Tão logo a deusa terminou de proferir essas palavras e Acteão sentiu que de sua testa começou a brotar algo parecido com um caroço. Dos dois lados brotavam dois enormes chifres galhados, enquanto seus olhos aumentavam de tamanho, bem como seu nariz, que de estreito e bem formado passara ao formato inestético do focinho de um alce. Quando passou as mãos no rosto para ver o que acontecia, sentiu que não mais dedos, mas cascos ásperos deslizavam sobre sua face, que se recobrira de um pêlo espesso. Em seguida caiu ao chão, de quatro.

“Meu Deus, o que está acontecendo comigo?”, pensou, mas ao tentar expressar esse pensamento em palavras, viu que de sua boca somente saía um rouco desafinado e incompreensível.

Assustado, Acteão deus as costas às mulheres e se meteu pelo bosque, decidido a procurar a ajuda dos amigos. Nem bem enxergou o mais fiel deles, sentado sob a sombra de uma árvore, gritou para ele:

— Filon, aqui! Ajude-me!

No entanto, tudo o que seu amigo escutou foi o mugido de um magnífico alce, que, parado à sua frente, parecia pedir para ser caçado.

— Rapazes, vamos lá! Aqui neste bosque abençoado a caça vem ao nosso encontro em vez de precisarmos correr atrás dela!

No mesmo instante, os cães prediletos de Acteão foram açulados pela companhia inteira.

Uma gritaria misturada aos latidos levantou-se por todo o bosque. Acteão, sentindo que a presa agora era ele, tentou ainda estabelecer contato com seus cães. Eles o iriam reconhecer, assim pensava. Uma dentada de seu cão predileto logo o tirou, contudo, desta ilusão. Conseguindo se desvencilhar das presas, que haviam entrado fundo em sua perna direita, Acteão lançou-se para dentro da mata numa corrida desesperada. Pela primeira vez o melhor dos caçadores estava do outro lado da caçada.

Enquanto fugia, escutava ironicamente as vozes de seus amigos, que o chamavam para juntar-se à caçada!

— Vamos, Acteão, onde você se meteu? — bradava um, mais animado.

— Será o seu maior troféu! — exclamava outro, inconformado por não tê-lo junto na caçada que prometia o maior dos prêmios.

Acteão, a cada chamado, tentava responder, mas seu grito desconexo somente servia para delatar a sua presença aos demais caçadores.

— Vamos, ele foi por ali, posso ouvir o seu grito!

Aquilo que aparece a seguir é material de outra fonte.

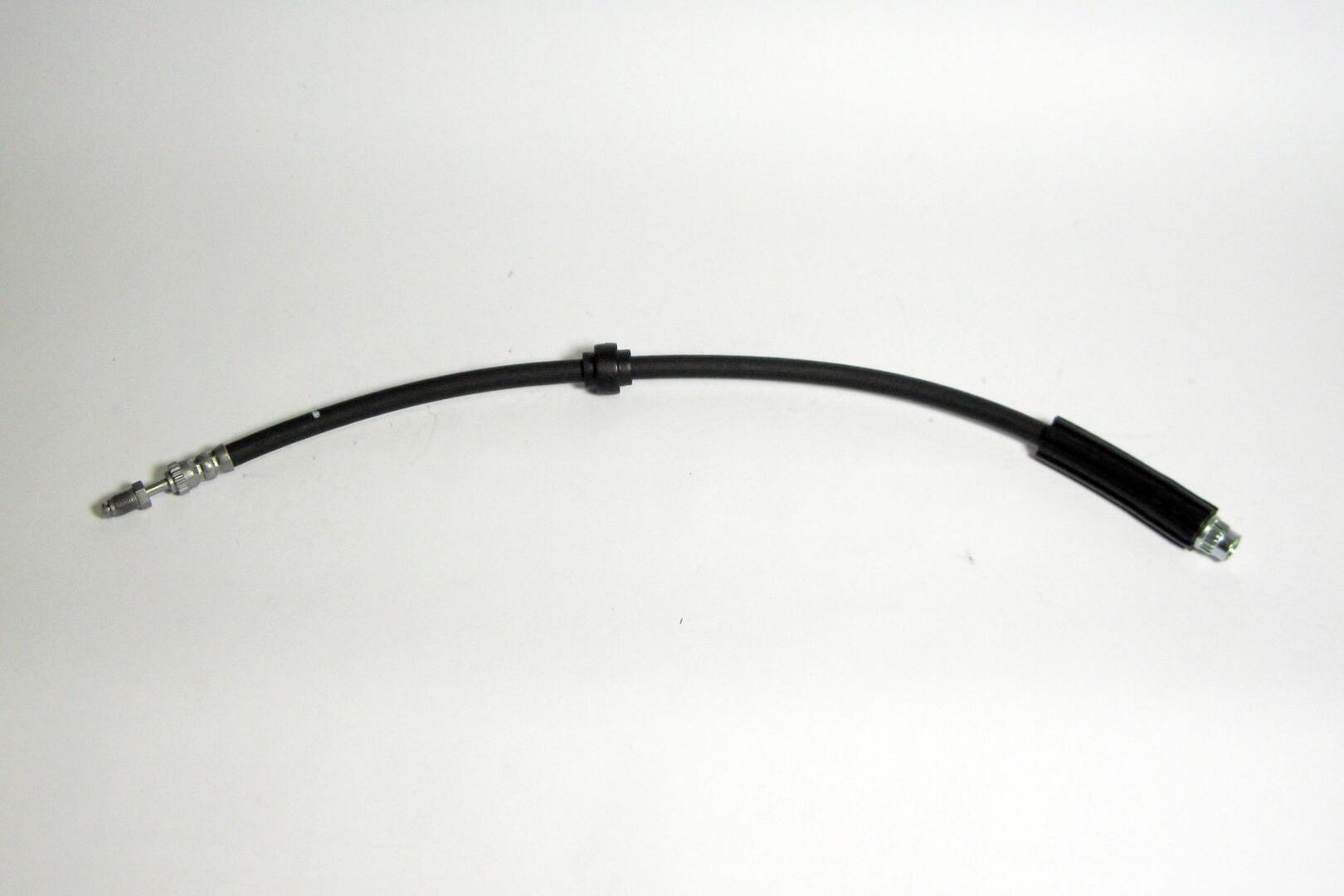 Flexible de frein (Durite de frein) FERODO ref. FHY2070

Depois de escalar pequenos morros e meter-se por gargantas e vales, Acteão, exaurido, foi finalmente alcançado por um dos seus cães, que pulou direto em seu pescoço; outro ferrou as presas em seu focinho, impedindo-lhe a respiração e provocando uma dor lancinante. Logo seu corpo estava entregue à fúria dos cães, que o retalhavam com suas presas dilacerantes. Antes de morrer, viu chegarem seus companheiros de caçada, que exultavam com o resultado, ao mesmo tempo em que lamentavam a ausência do seu líder:

— Sinto muito, Acteão, mas desta vez você não terá do que se vangloriar -disse um dos companheiros, com um sorriso, enquanto Acteão não surgia para aplaudir a sua vitória.